Ataque aquele boneco, ordeno, mentalmente, testando sua lealdade e habilidade.
Sem hesitar, meu clone se move com agilidade, suas chamas ondulando enquanto avança até o boneco de treino. Com um único soco, o fogo explode de seus punhos, envolvendo o boneco em um inferno ardente. As chamas se espalham rapidamente, consumindo madeira e palha até não restar nada além de cinzas.
Impressionante, murmuro, antes que o silêncio seja quebrado por uma voz inesperada.
— Isso foi incrível. Mas você não deveria estar aqui nesse horário.

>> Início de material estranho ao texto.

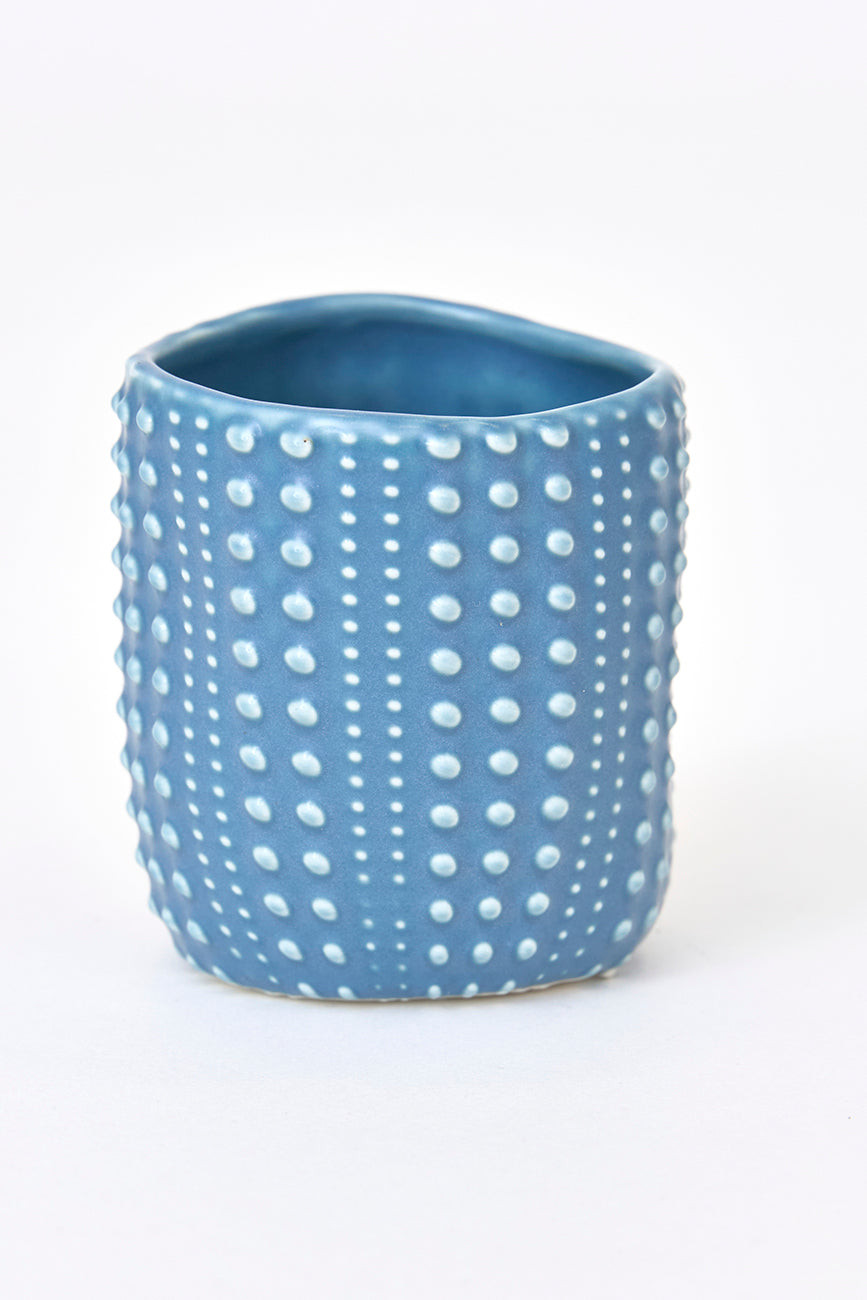 Ceramic mug with sea urchin texture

Diz alguém, cortando minha concentração como uma lâmina afiada.
Meus olhos se arregalam, e em um segundo, meu clone reage às minhas emoções tumultuadas. Ele explode em uma massa de fogo descontrolado, as chamas girando caoticamente antes de desaparecerem no ar. Meu coração bate forte enquanto tento recuperar o controle.
Das sombras, uma silhueta emerge. É Caio, o rapaz com quem eu e Bia trocamos algumas palavras outro dia, no café. Suas feições estão parcialmente ocultas, mas posso sentir a tensão no ar
— E o que você faz aqui?
Pergunto, rispidamente.
— Acho que as regras se aplicam a nós dois.
Caio não recua nem um centímetro. Seu semblante é sério, quase desdenhoso.
— Você está errado!
Ele responde, frio.
— Eu sou o vice capitão dos agentes do ar. Essas regras estúpidas não se aplicam a mim.
Só pode ser uma piada, penso, incrédulo. Esse garoto não deve ter mais que 18 anos, e já ocupa um cargo tão alto? Vice capitão? Isso não pode estar certo. Se for verdade, então eu fui pego em flagrante... Caio permanece parado, seu olhar fixo em mim, como se estivesse esperando minha reação. Não há vestígios de brincadeira em seu tom ou postura.